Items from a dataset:
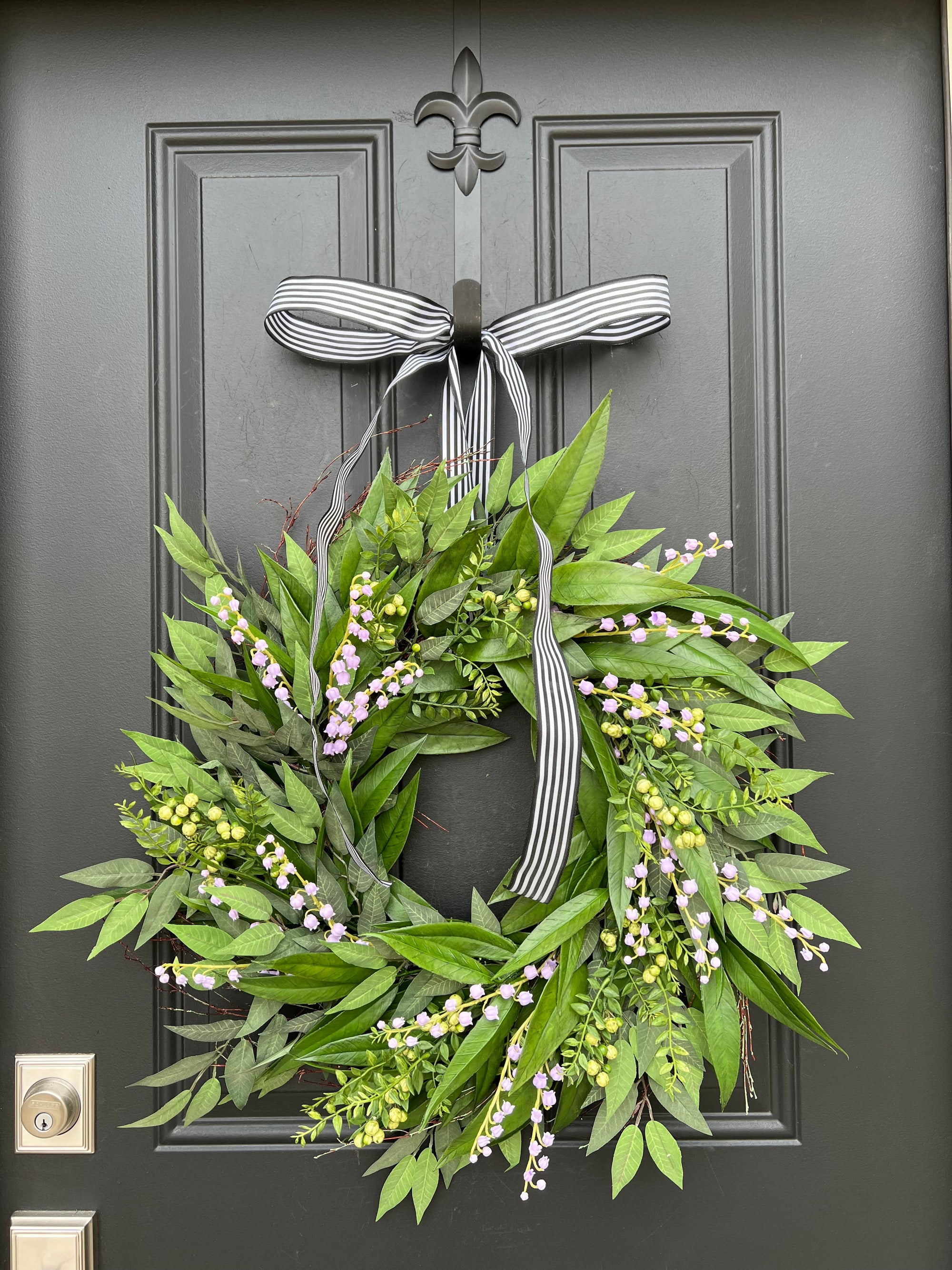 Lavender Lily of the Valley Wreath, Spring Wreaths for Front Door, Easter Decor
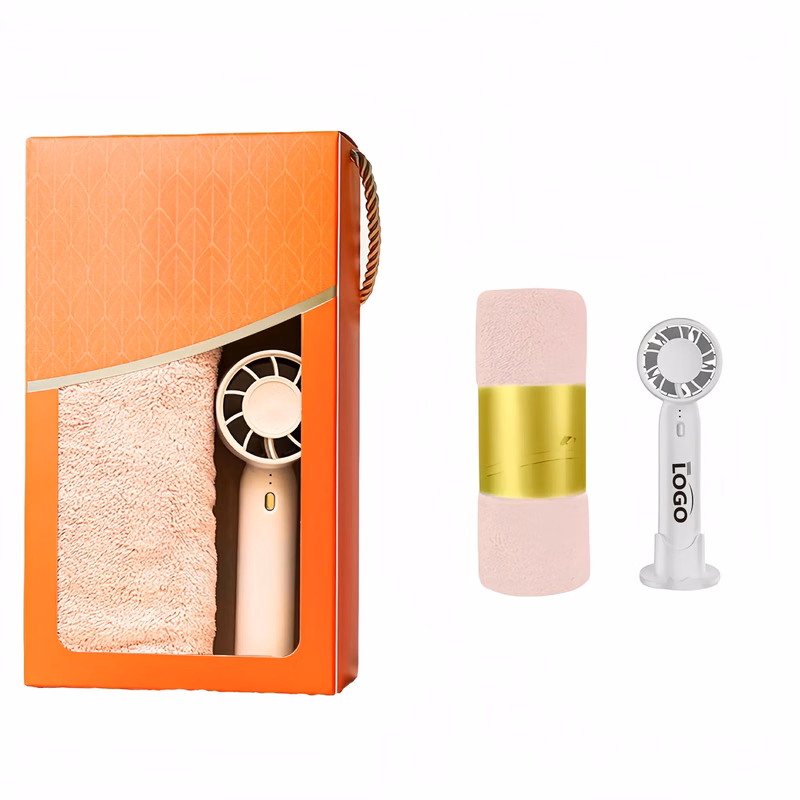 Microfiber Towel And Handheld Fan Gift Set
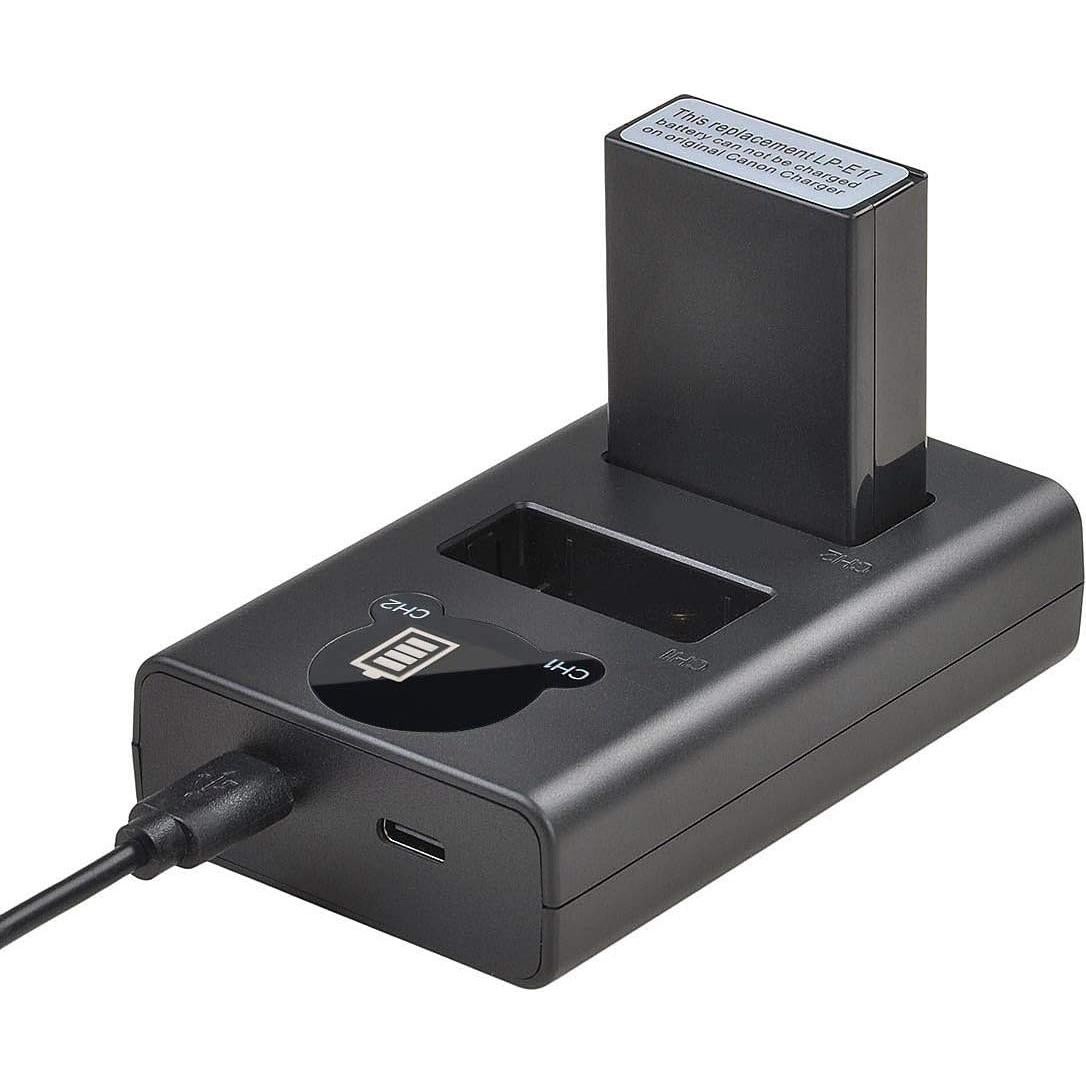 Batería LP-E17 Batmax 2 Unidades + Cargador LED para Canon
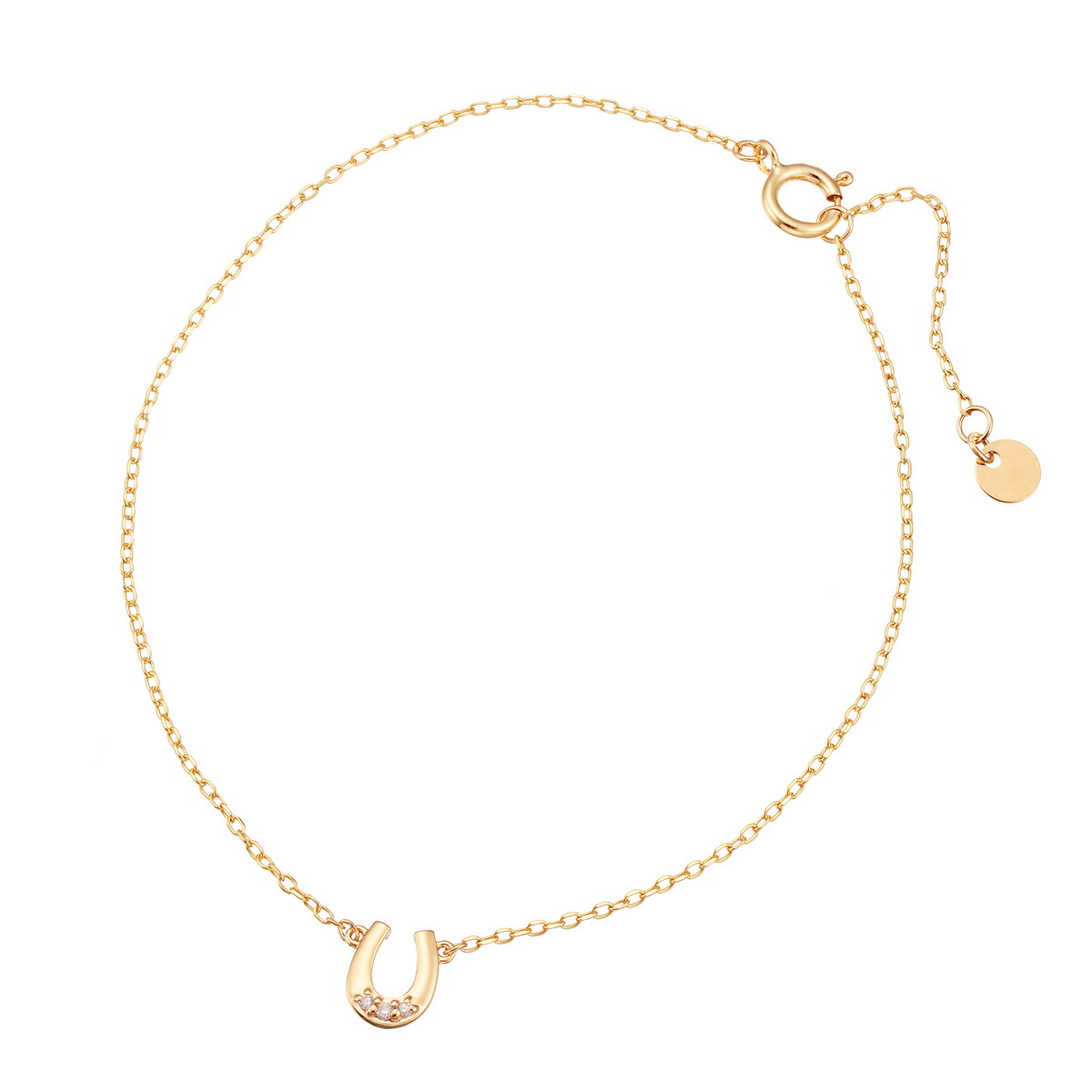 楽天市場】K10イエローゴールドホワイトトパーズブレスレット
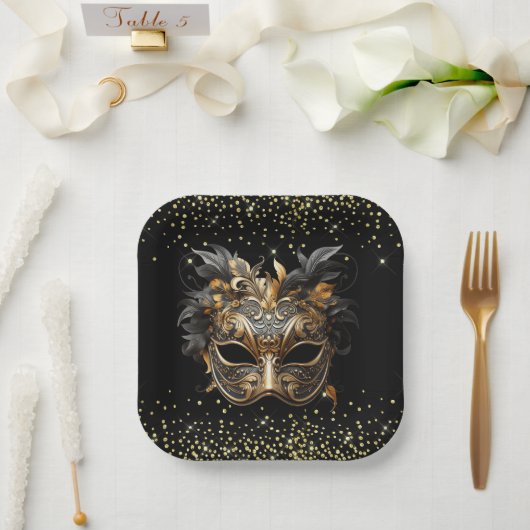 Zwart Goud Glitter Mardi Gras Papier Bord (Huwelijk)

- _Exercise_
Leaving out all pictures, print exactly the lines above from the one containing "Batería LP-E17 Batmax" through the last line of the entries.

- _Answer area_
 Batería LP-E17 Batmax 2 Unidades + Cargador LED para Canon
 楽天市場】K10イエローゴールドホワイトトパーズブレスレット
 Zwart Goud Glitter Mardi Gras Papier Bord (Huwelijk)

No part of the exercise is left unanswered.